Opuścił biuro i wyruszył rowerem na Gibraltar
2015-12-04 11:07:36Chociaż do swojej pracy podchodził z zaangażowaniem i pasją, postanowił z niej zrezygnować, by rozpocząć niezwykłą przygodę. I tak Wojtek Milewski przestał zajmować się zarządzaniem ryzykiem przedsiębiorstw i sam podjął ryzyko, wyruszając rowerem na Giblartar.
Wojtek Milewski był studentem ekonometrii na Uniwersytecie Warszawskim. Do Deloitte trafił na trzecim roku studiów poprzez starszych kolegów z organizacji studenckich, którzy namówili go, by wystartował w rekrutacji na płatne praktyki. Jednak po odbyciu sześciomiesięcznych praktyk w firmie, gdy wkrótce miała się przed nim otworzyć perspektywa przejścia na etat, postanowił wyruszyć z przyjacielem na rowerową wyprawę. Celem ich podróży był Gibraltar.

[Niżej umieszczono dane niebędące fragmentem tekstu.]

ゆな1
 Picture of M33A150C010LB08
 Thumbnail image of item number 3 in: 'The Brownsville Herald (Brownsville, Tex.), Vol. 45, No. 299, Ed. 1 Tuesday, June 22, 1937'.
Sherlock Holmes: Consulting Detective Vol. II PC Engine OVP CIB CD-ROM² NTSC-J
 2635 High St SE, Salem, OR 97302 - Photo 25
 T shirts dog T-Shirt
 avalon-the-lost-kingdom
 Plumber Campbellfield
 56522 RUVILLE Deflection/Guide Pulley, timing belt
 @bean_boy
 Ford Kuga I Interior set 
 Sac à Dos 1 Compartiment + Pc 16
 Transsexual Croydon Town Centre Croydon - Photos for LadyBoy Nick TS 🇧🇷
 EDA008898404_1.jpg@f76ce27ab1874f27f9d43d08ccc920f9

Po ponad trzech miesiącach, odwiedzeniu piętnastu krajów, spaniu w namiocie, a czasem i pod gołym niebem i wreszcie przejechaniu 5100 km na rowerach dotarli do celu. Następnie przeprawili się promem do Maroko, gdzie po kolejnych kilkuset kilometrach na rowerze przerzucili się na stopa, którym dotarli na Saharę, a następnie w Atlas, gdzie zdobyli najwyższy szczyt tych gór. Mimo trudności z dostępem do Internetu, swoimi wrażeniami dzielili się ze znajomymi w mediach społecznościowych, w tym na stronie "Hejda na Gibraltar" na Facebooku.
W Warszawie Wojtka nie było 3,5 miesiąca. Po powrocie, gdy emocje związane z wyjazdem już opadły, zaczął się zastanawiać co dalej. Jak przyznaje, z nadzieją napisał do swoich szefów z Deloitte. Ku jego radości okazało się, że miejsce pracy wciąż na niego czeka. Zimą 2014 roku wrócił do swojego starego zespołu już na stanowisko konsultanta.
Niespełna rok po powrocie do Polski Wojtek awansował i dziś skupia się przede wszystkim na rozwoju zawodowym. Nie chce używać słowa "kariera", bo ma dla niego negatywne zabarwienie i kojarzy mu się głównie z wyścigiem szczurów, w którym uczestniczyć nie chce. O kolejnej wyprawie rowerowej gdzieś po cichu już myśli, choć zdaje sobie sprawę, że pewnie tak daleko jak na Gibraltar nie uda mu się dotrzeć. Taka przygoda zdarza się bowiem tylko raz w życiu.